- **Data provided**
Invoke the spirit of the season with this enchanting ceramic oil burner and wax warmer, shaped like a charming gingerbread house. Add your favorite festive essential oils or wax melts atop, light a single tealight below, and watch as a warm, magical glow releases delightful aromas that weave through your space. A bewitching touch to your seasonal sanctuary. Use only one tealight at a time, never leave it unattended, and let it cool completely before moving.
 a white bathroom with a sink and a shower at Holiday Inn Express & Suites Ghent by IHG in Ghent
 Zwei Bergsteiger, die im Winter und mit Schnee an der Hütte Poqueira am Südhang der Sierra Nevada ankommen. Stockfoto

- **Problem to work on**
All lines from the one that contains "a white bathroom" through the end of the listing above should be copied exactly, with nothing else.

- **Answer section**
 a white bathroom with a sink and a shower at Holiday Inn Express & Suites Ghent by IHG in Ghent
 Zwei Bergsteiger, die im Winter und mit Schnee an der Hütte Poqueira am Südhang der Sierra Nevada ankommen. Stockfoto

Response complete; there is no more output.